**DATA PROVIDED:**
************

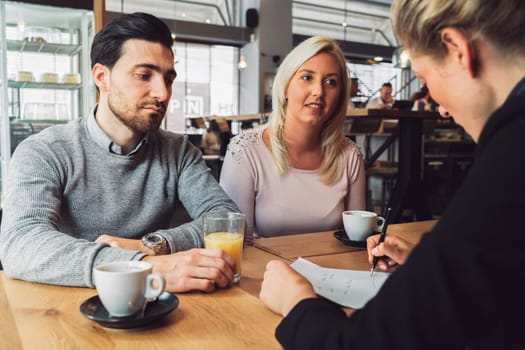 Meeting with clients. Caucasian woman, designer, meeting with her clients, sitting by the desk, consulting on a project. Business meeting. Caucasian people having a meeting in an office.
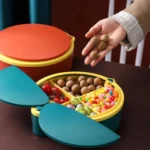Organizador de 4 compartimentos, amarillo y verde, con tapas y varios dulces, tomates y frutos secos.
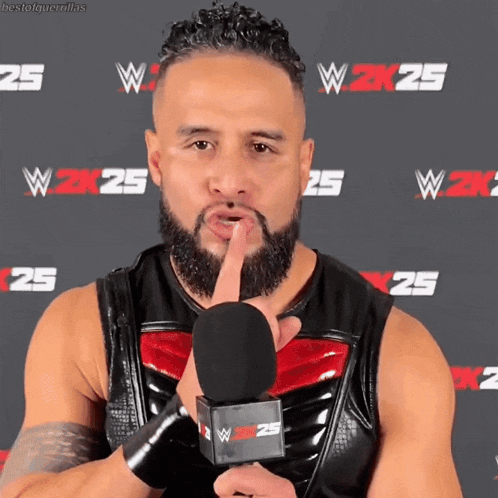 a man with a beard is holding a microphone in front of a wall with w2k25 written on it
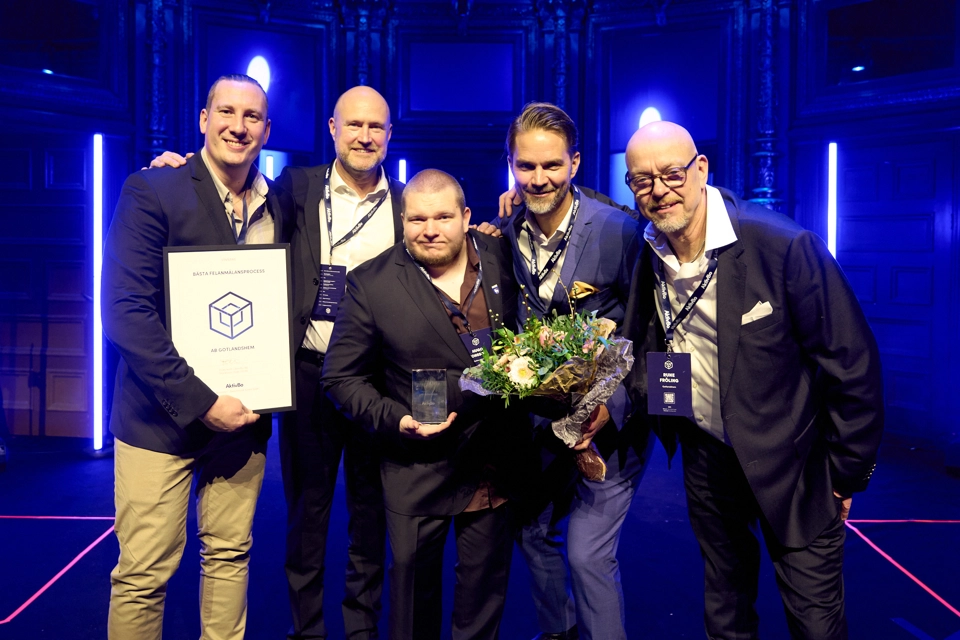 Fem män i kostym står och håller om varandra. De är glada och tittar in i kameran. En håller i ett diplom, en i ett pris och en tredje i en bukett.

************

**PROBLEM DETAILS:** Quote exactly the lines from the one that contains "a man with a" through the end of the listing above, both ends included, leaving out the pictures.

**WRITTEN REPLY:**
 a man with a beard is holding a microphone in front of a wall with w2k25 written on it
 Fem män i kostym står och håller om varandra. De är glada och tittar in i kameran. En håller i ett diplom, en i ett pris och en tredje i en bukett.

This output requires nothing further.